BERLIN (Reuters) - German pilots union Vereinigung Cockpit (VC) offered concessions on Friday in a bid to end a long-running pay dispute at Lufthansa (DE:LHAG), including agreeing to an increase in the average retirement age and lowering costs.
Lufthansa pilots have staged more than a dozen strikes since April last year, costing the airline hundreds of millions of euros, to protest plans by management to change retirement benefits and lower costs via expansion of a new budget carrier, Eurowings.
The airline is grappling with an increased pension deficit against the backdrop of low interest rates, and says it needs to cut costs to halt a loss of market share to low-cost carriers in Europe and more nimble competitors such as Turkish Airlines (IS:THYAO) and Emirates [EMIRA.UL] on long-haul routes.

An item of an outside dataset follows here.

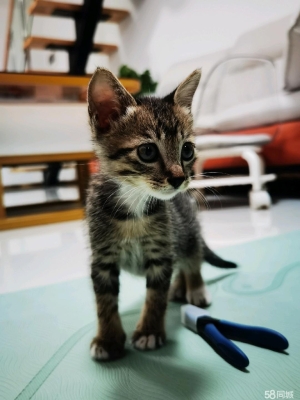 赤峰同城领养猫猫电话号码查询-第1张图片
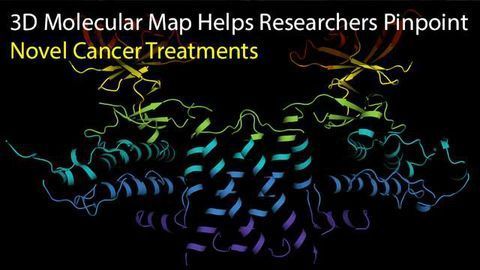 3D Molecular Map Helps Researchers Pinpoint Novel Cancer Treatments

VC proposed on Friday increasing pilots' average retirement age to 60 from 58, not 61 as Lufthansa had wanted, and conducting a market study to base a pay deal for pilots at Eurowings on that of rival budget carriers easyJet (L:EZJ), for short-haul routes, and Condor (L:TCG), for long-haul routes.
It also offered to reduce cockpit crew costs by 20 percent on long-haul Lufthansa routes to certain tourist destinations, where the airline can't rely on demand from business class passengers to keep such routes profitable.
"It's finally time to hold talks and find a solution," union spokesman Markus Wahl told Reuters. "I think we're making significant overtures towards Lufthansa management."
The union's offer came after attempts to take the dispute to mediation failed earlier this month, raising the prospect of more strikes. VC said it hoped a deal could be reached by Sept. 1.
Lufthansa welcomed VC's offer and a spokesman said it would suggest a date for talks once it had reviewed the proposals.
The proposals are along the lines of a pact for growth and employment that Lufthansa proposed in February, in which it offered to grow fleet and staff numbers at its main brand in exchange for cost cuts.
However, the union wants Eurowings to be based in Germany, and not Austria, as Lufthansa Chief Executive Carsten Spohr is planning, so that new pilots can also join German collective labour agreements.
"They (VC) effectively want Eurowings to be part of the lofty Lufthansa pay deals. This could be a sticking point in the negotiations," Equinet analyst Jochen Rothenbacher told Reuters.
Rival Air France-KLM (PA:AIRF) is also battling high labour costs and said on Friday it would cut long-haul routes if a deal wasn't reached with Air France pilots to reduce costs.
The Lufthansa dispute centred around early retirement provisions for pilots, which the airline wanted to scrap. Plans by Spohr, who took over as chief executive last year, to expand Eurowings into a low-cost carrier escalated the dispute, because the pilots feared it could erode jobs at Lufthansa's main brand.